Ficheiro de citações bibliográficas sobre a obra de Fernando Pessoa

Obras

«Pessoa não escreveu livros como habitualmente os escritores escrevem: respondendo a solicitações editoriais ou levando a cabo, por sua conta e risco, uma determinada obra previamente planeada. Pessoa ia-se escrevendo - por assim dizer - ao longo da sua vida, porque era isso a sua mais vital respiração. Mesmo quando era movido pelo impulso de publicar, respondendo ao circunstancial estímulo de intervir na vida cultural dessa pátria-língua-portuguesa de que tinha escolhido ser cidadão, acabava as mais das vezes por meter os escritos na arca, esmagado pelos obstáculos do real quotidiano.

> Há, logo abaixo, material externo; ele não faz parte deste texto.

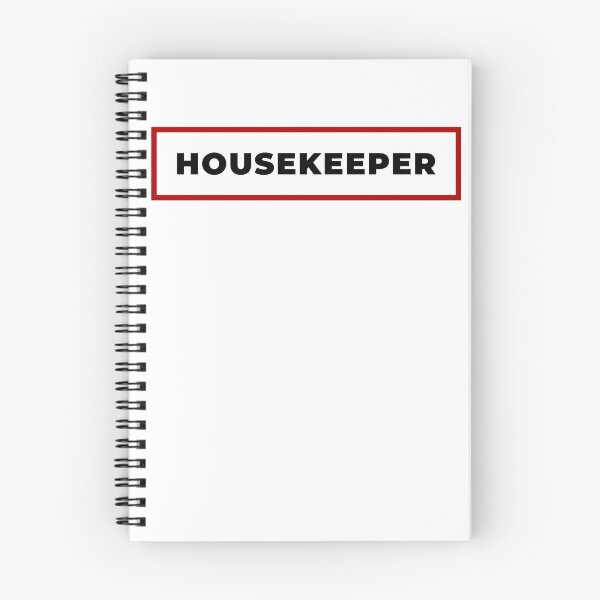 Item preview, Housekeeper with red frame designed and sold by SVPOD.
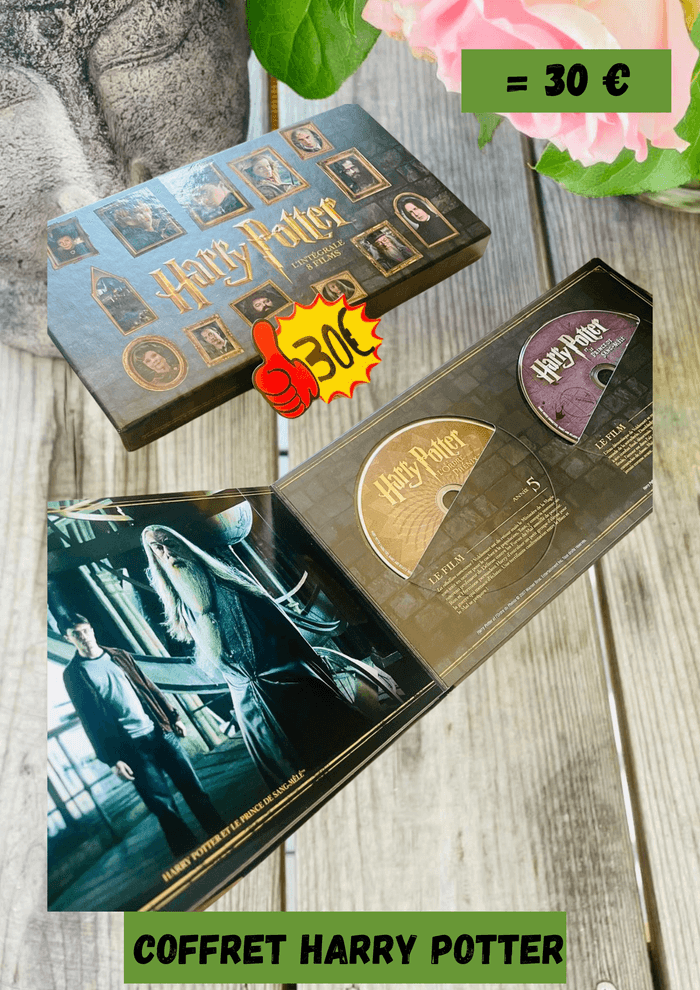 Coffret DVD Harry Potter - photo numéro 3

Pessoa nunca empreendeu escrever um livro como quem se põe a construir uma obra, de alvenaria ou de papel, de que se faz, depois, registo de propriedade. Escrevia-se, estilhaçadamente, ao sabor da inspiração e na pessoa desses «outros» em que ao longo da vida se desdobrou. [...]

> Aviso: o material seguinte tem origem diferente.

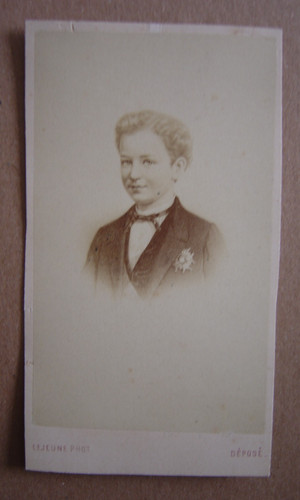 Cdv prince impérial - prince,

Exprimir-se, no dia a dia, ao sabor da diversidade desses «pessoas» pelos quais se sentia mais do que repartido, multiplicado, era abandonar-se a um tropismo aparentemente desagregador mas que, afinal, o conduzia à unidade do Ser.
«Alma errante», de si próprio «viandante» - como disse - a sua vida que foi a sua obra -como também disse - passou-se viajando de texto para texto, de pessoa para pessoa. Dessa «alma errante» escreveu, no mesmo poema, que era «uma canção de viagem». Essa «viagem» pelo mundo de que se considerou «hóspede e peregrino» só acabou mesmo quando chegou o tal «Comboio Definitivo» de que fala Álvaro de Campos. Só então o microcosmos que é a obra pessoana ficou, de facto, concluído. A palavra «Fim» só mesmo a mão da Morte a podia escrever nessa obra-vida.
Ficou assim para quem cá ficou a descomunal tarefa de se haver com as passagens soltas da «canção de viagem» que pela vida foi trauteando, com mais aflição que alegria. Concluída essa vida-obra, é inevitável procurar a sua unidade para a poder entender, isto é, fruir, em todo o seu alcance.»
Teresa Rita Lopes. Pessoa Inédito. Lisboa: Livros Horizonte, 1993, pp. 17-18.